* [DATA FOR THIS TASK]:
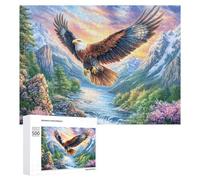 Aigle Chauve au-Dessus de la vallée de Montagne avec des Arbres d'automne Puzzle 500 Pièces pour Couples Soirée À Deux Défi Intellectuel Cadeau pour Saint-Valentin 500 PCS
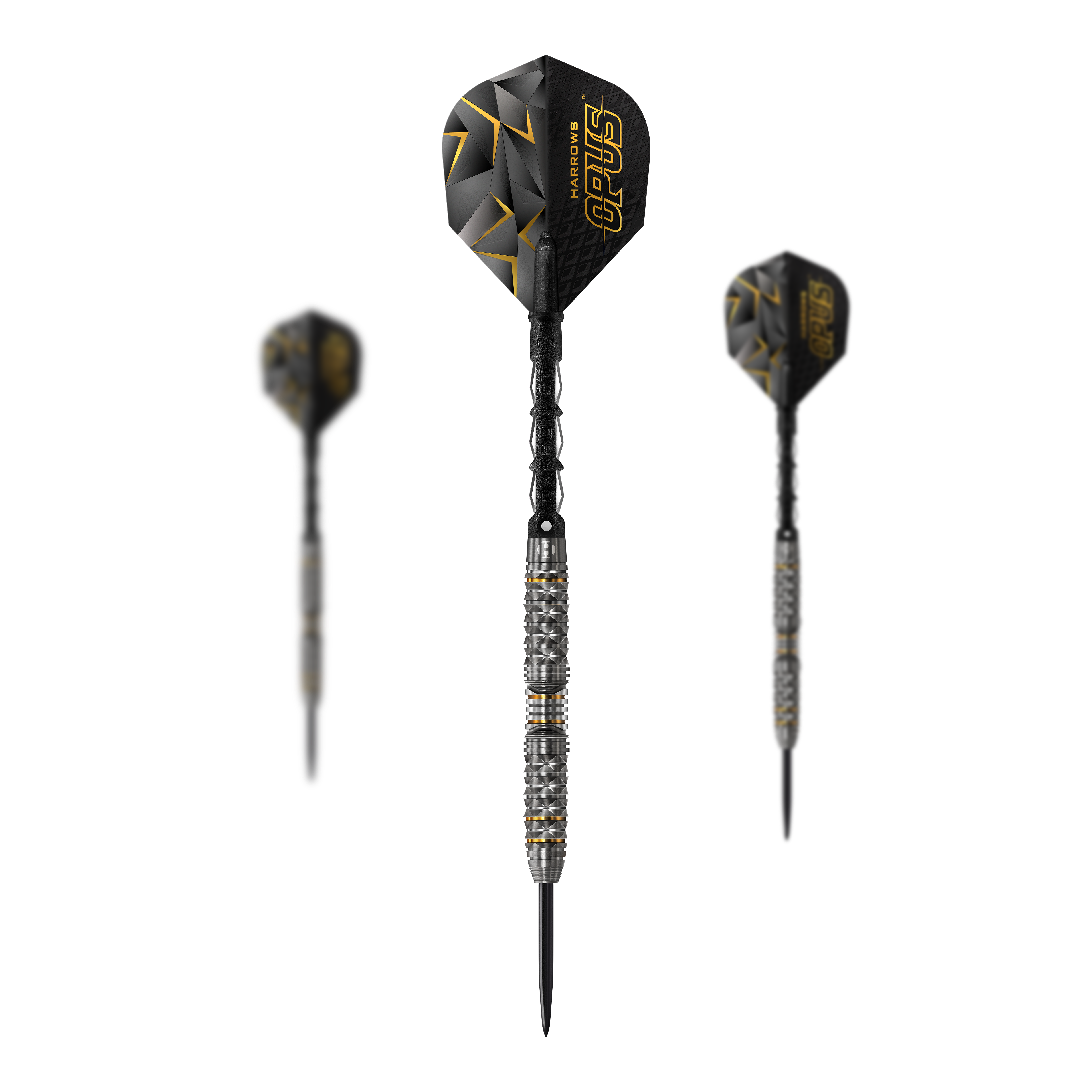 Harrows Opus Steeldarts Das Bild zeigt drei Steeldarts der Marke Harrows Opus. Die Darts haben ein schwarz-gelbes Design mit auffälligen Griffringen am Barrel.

---

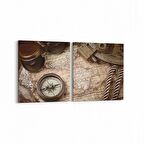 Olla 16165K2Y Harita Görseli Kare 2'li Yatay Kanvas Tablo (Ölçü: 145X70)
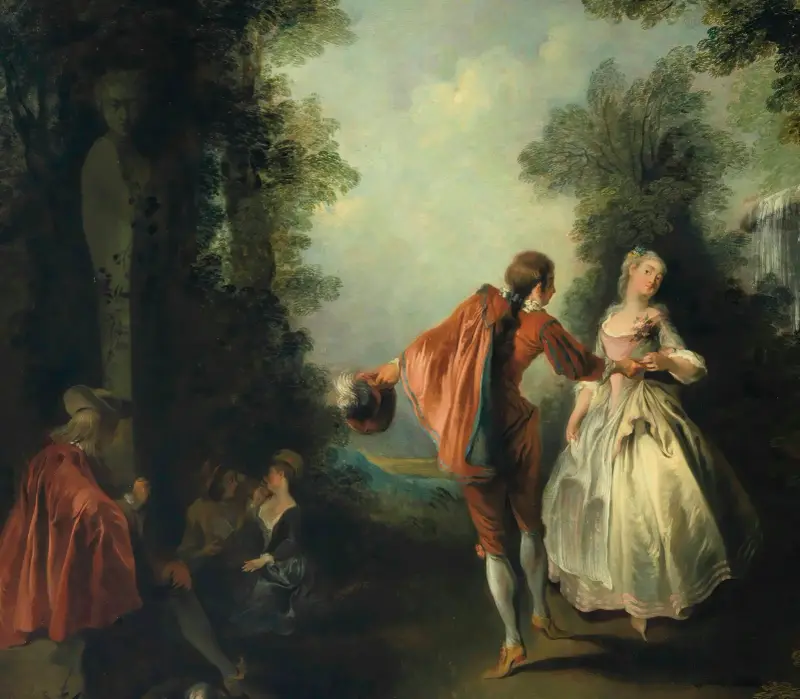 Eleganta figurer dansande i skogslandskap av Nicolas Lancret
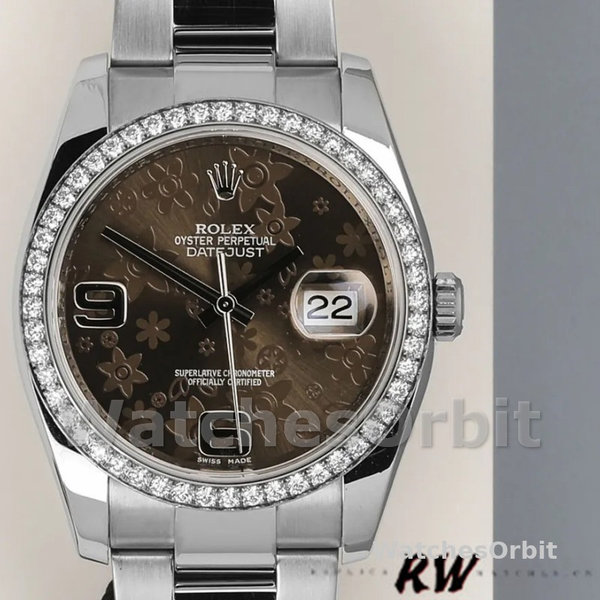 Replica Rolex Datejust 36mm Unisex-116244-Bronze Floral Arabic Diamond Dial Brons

* [WHAT IS REQUIRED]: Everything above from the line containing "Aigle Chauve au-Dessus" through the line containing "Harrows Opus Steeldarts" must be repeated exactly, and the pictures must be left out.

* [TASK RESPONSE]:
 Aigle Chauve au-Dessus de la vallée de Montagne avec des Arbres d'automne Puzzle 500 Pièces pour Couples Soirée À Deux Défi Intellectuel Cadeau pour Saint-Valentin 500 PCS
 Harrows Opus Steeldarts Das Bild zeigt drei Steeldarts der Marke Harrows Opus. Die Darts haben ein schwarz-gelbes Design mit auffälligen Griffringen am Barrel.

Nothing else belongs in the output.